Automated Speech Recognition (ASR), generally, and AppTek, specifically, have been around for decades. It is only in the last few years with the widespread advent of deep machine learning techniques such as deep neural networks (DNN), recurrent neural networks (RNN) and convolutional neural networks (CNN) that the applications of ASR have truly exploded.
Although there are many potential applications, at AppTek we are most excited about 3 areas – media, telephony and conversational interfaces for the internet of things (IoT). I will go much deeper into these verticals in future blogs, but as McKinsey points out in Where Machines could Replace Humans, and Where They Can’t repetitive activities with a moderate level of analysis or expertise are prime candidates for automation through artificial intelligence. Media, telephony and IoT interface each have myriad such activities in their current workflows.

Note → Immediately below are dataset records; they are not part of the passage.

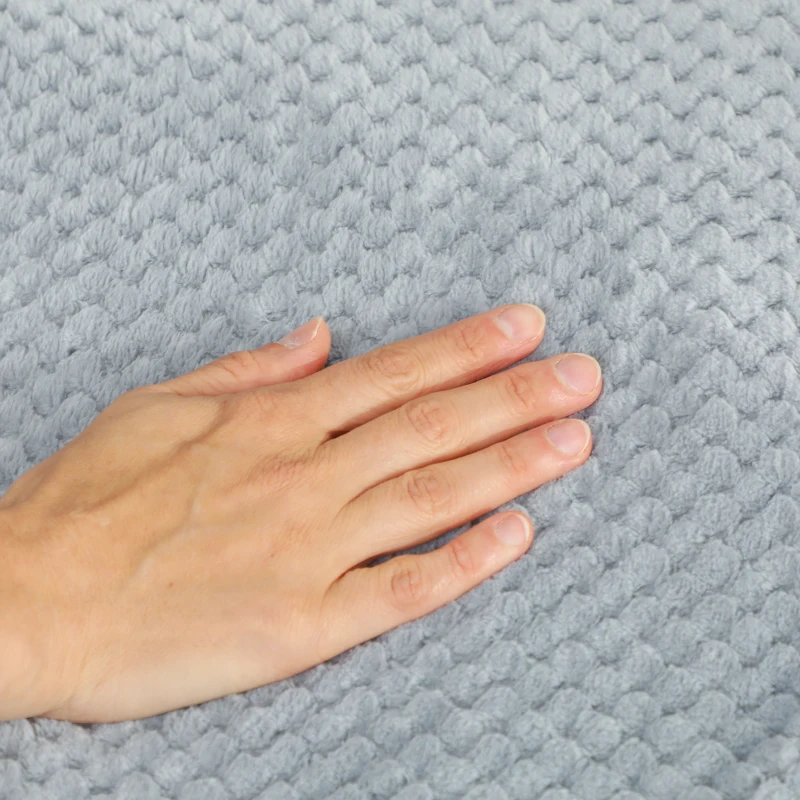 HOMCOM Heated Electric Blanket, Warm Throw Blanket with 5 Heating Levels, 10 Hour Auto-Off Timer, Grey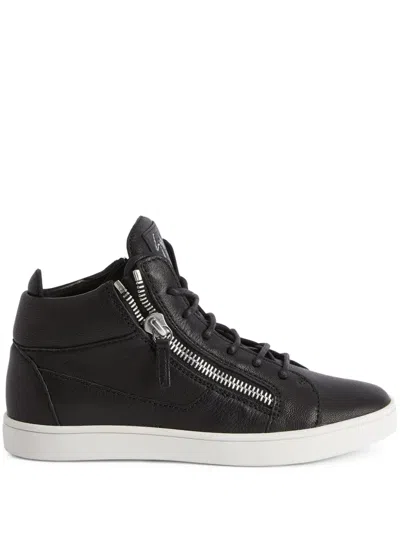Giuseppe Zanotti Jamie High-top Leather Sneakers In Black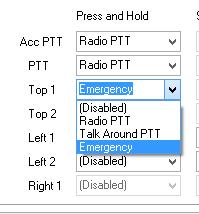 Default - Talkaround PTT Left 1 Sets function of top left button.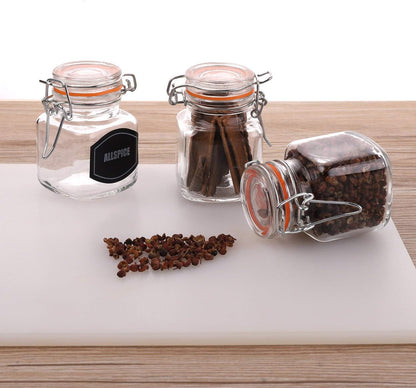 Spice Jars - 12 Airtight Flip Top Bottles with 40 Labels & Chalkboard Pen - Complete Set of 3.4 Ounce Square Empty Spice Bottles with Funnel | Kitchen Spice Organizer Clear Glass Jars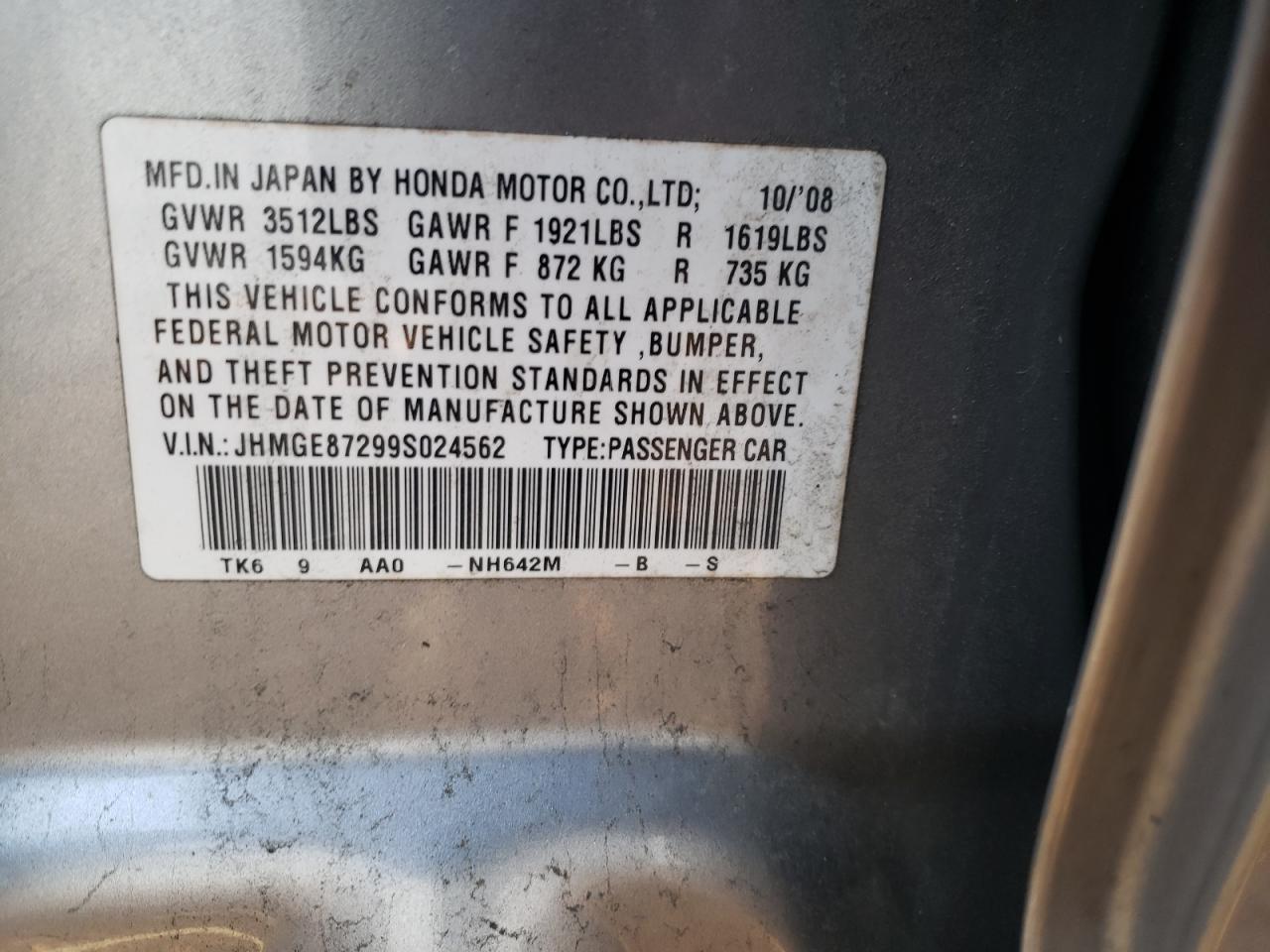 Photo 10 from auction – 2009 HONDA FIT with VIN JHMGE87299S024562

The global media market is valued at ~US$1.8 trillion with both healthy forecast CAGR and an increasingly large portion of that value coming from digital. As search increasingly drives discovery of media content, ASR technology will increase the value of every media asset by making them discoverable through search. Closed captioning requirements are becoming more stringent not only in the US, but in most developed and developing countries. The current manual approach is not scalable or cost-effective. Here, too, ASR can help.
Call centers have literally millions of hours of recorded audio which currently cost money to save and provide no value because they are not searchable or analyze-able. An estimated $41B is lost every year to poor customer service and, unless they can analyze the interactions they are already having, call centers usually find out too late. It is too time and capital intensive to have human talent review every call. By automatically producing a full transcript of every call, speech recognition can literally transform a recorded call into a source of assured compliance, sales rep training or customer service analytics.
Every year, Mary Meeker delivers her annual internet trends report – one of the most widely read, tweeted, forwarded, shared pieces of research anywhere. This year, a large portion of the 100+ page presentation was dedicated to voice and voice search. The idea that as IoT and mobile technology become ubiquitous users will continue to type or tap as their main interface is ludicrous – it will be voice.
As I mentioned, ASR and speech technology is very exciting. It sits at the intersection of big data, artificial intelligence and IoT. There is a lot more to talk about.
Until next time…